Azzardiamo in tale contesto un’ipotesi: esistono al di fuori dei tempi tradizionalmente periodizzati e dello spazio delimitato dalla cultura eurocentrica che da sempre ha scritto la storia, costanti che attraversano qualsiasi migrazione. Sono le stesse che hanno spinto popoli di diversa provenienza geografica, in epoche diverse, a muoversi; possono essere dette sotto forma di interrogativi: perché partire? Dove andare? Chi parte? Come si viaggia? Cosa si va fare? Come si percepisce la nuova situazione? Quali legami restano con quella lasciata? Esiste una cultura di ritorno? È possibile individuarne le caratteristiche?

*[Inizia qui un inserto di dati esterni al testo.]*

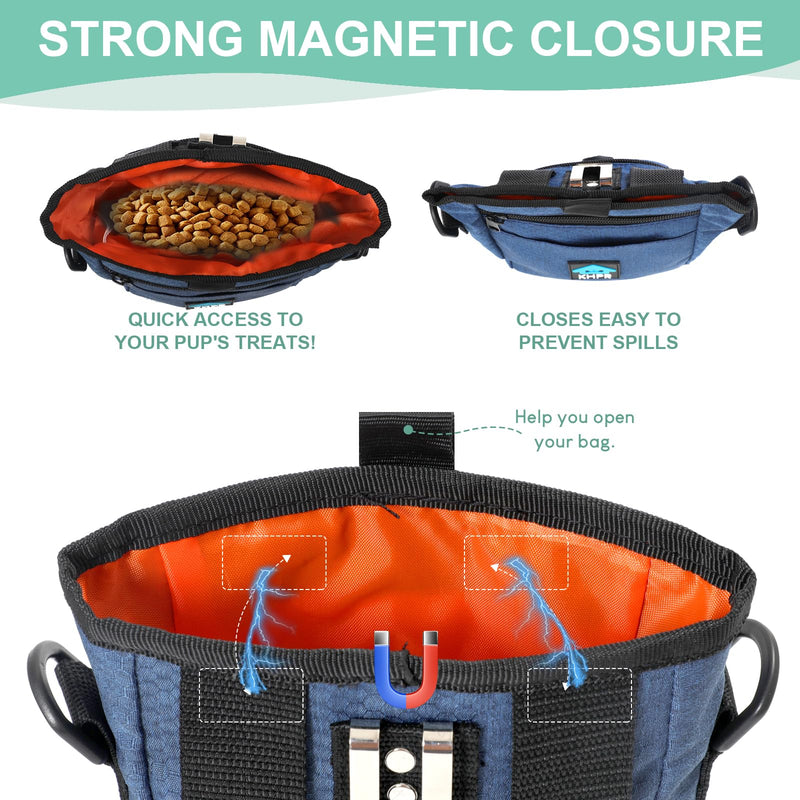 Dog Treat Pouch Magnetic Closure with Training Clicker，Hands-Free Design to Prevent Spills，Built in Poop Bag Dispenser，3 Ways To Wear，Metal Clip Waist Belt and Fanny Pack for Pet Walking（Blue） Blue - PawsPlanet Australia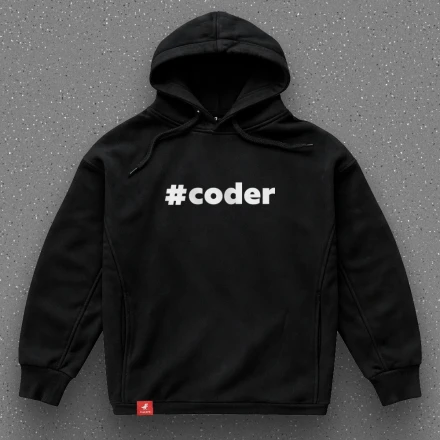 Black hoodie «#CODER», with developer's hashtag
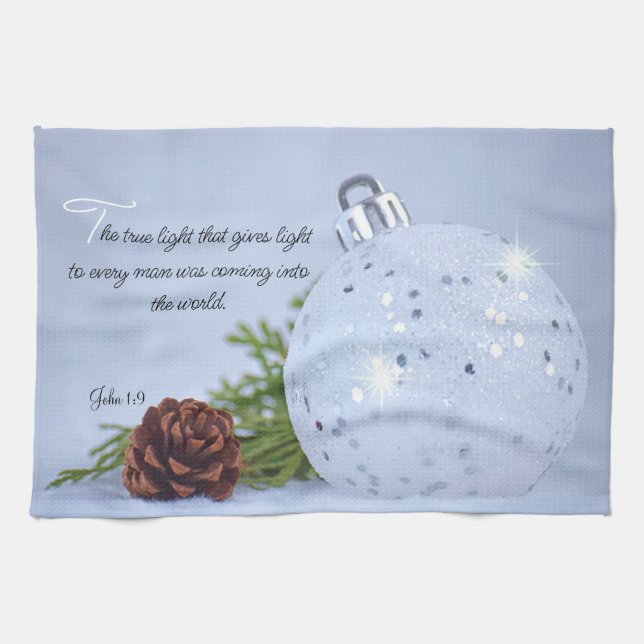 Lumière du monde de Noël serviette de cuisine (Horizontal)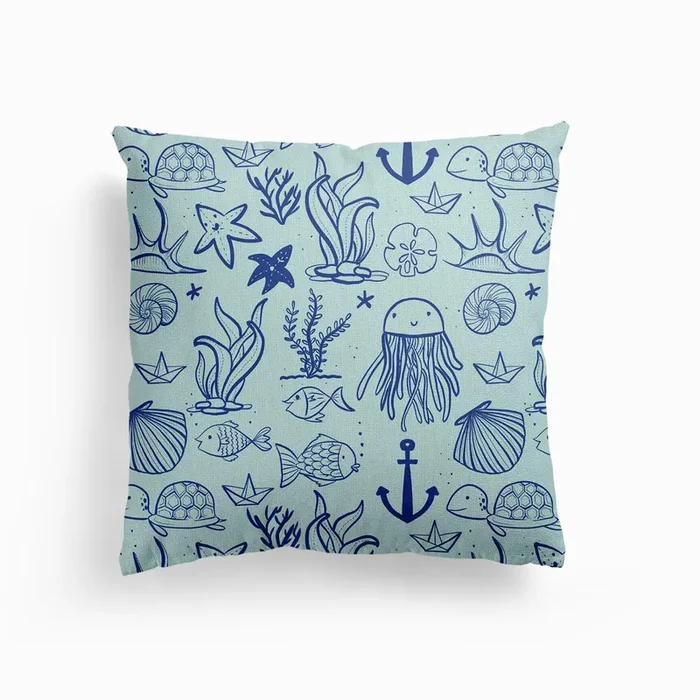 Under The Sea Canvas Cushion by Guncha Kumar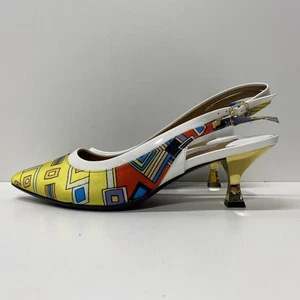 J. Renee Yellow Geometric Slingback Heels Women's 9.5W - Picture 1 of 7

Qui si riapre il campo di una strategia didattica che punta sul versante degli atteggiamenti culturali da sviluppare attraverso la storia. Partire dall’individuazione di tali costanti serve, a nostro parere, non solo ad integrare conoscenze storiche curriculari, ma soprattutto a costruire atteggiamenti di comprensione, oltre che di decentramento.

Altra operazione, dichiarata, da compiere, consiste, a nostro parere, nel dirigere la ricerca (posto che questa sia prassi ormai consolidata nella scuola dell’obbligo), verso un campo fluttuante, a margine della storia delle migrazioni (che spesso diviene storia economica, storia politica, storia diplomatica...), il campo dell’indagine sugli stati d’animo, sulle emozioni, sul ricordo e sulle sue distorsioni. Si potrebbe chiamarla storia della mentalità, ma non vorremmo spingerci oltre.

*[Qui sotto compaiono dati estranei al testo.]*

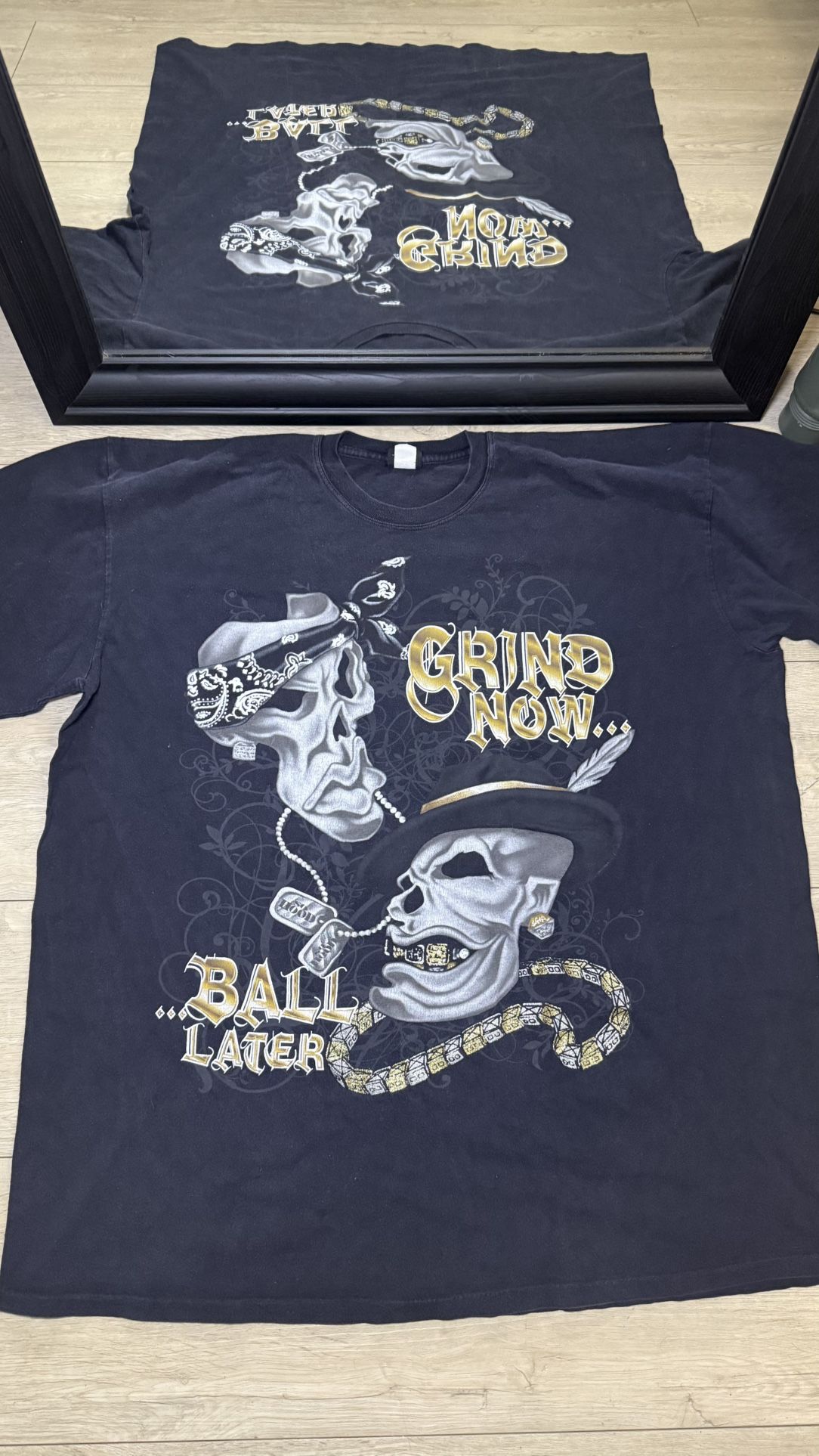 Vintage / Y2K Grind Now Ball Later Skull Tattoo Shirt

Tutto ciò si gioca su un presupposto: la memoria collettiva, quella umbra ma non solo, conserva anche grazie a generazioni vicine, traccia di questi interrogativi e delle risposte che ad essi si sono date. Rendere partecipi i ragazzi delle pieghe di tale memoria, ed allo stesso tempo ancorare ai fatti quelli dei vecchi può costituire una strategia "a costo zero", in quanto dispone di risorse presenti, solo da leggere da una diversa prospettiva. La storia dell’emigrazione umbra, come quella di tante altre regioni d’Italia, rappresenta un serbatoio prezioso in tal senso, e la proposta del libro, muovendo dall’ipotesi formulata, vuol essere un contributo verso tale direzione.

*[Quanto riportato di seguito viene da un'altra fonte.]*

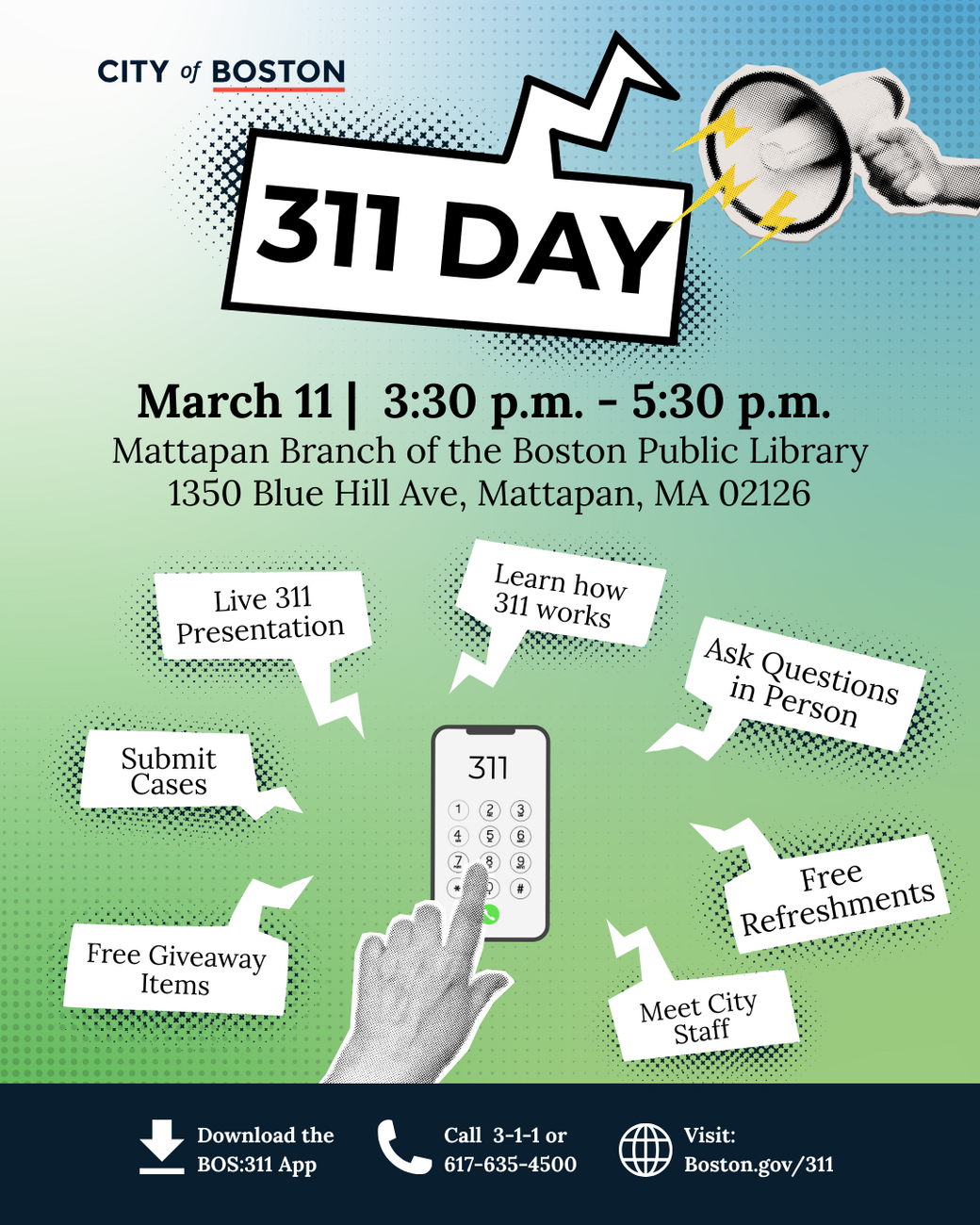 311 Day on March 11 at BPL Mattapan Invitation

I materiali pubblicati, rivolti in prevalenza alla scuola dell’obbligo, sono stati concepiti su questo scenario. Innanzi tutto un percorso che recuperi la memoria su un topos delle migrazioni, il viaggio, letto con gli strumenti metodologici dell’interazione fra ragazzi e documentazione, e proposto attraverso fonti locali; poi un tentativo, su materiali analoghi, di narrare le costanti delle migrazioni attraverso un linguaggio consueto ai ragazzi, il video; infine un classico della letteratura ovvio, e nella sua ovvietà significativo, perché dimostra come ad un dibattito cosi complesso ci si possa accostare con strumenti sofisticati, ma rintracciabili perfino nei libri di testo. Fra Enea ed Ulisse, basta scegliere Ulisse.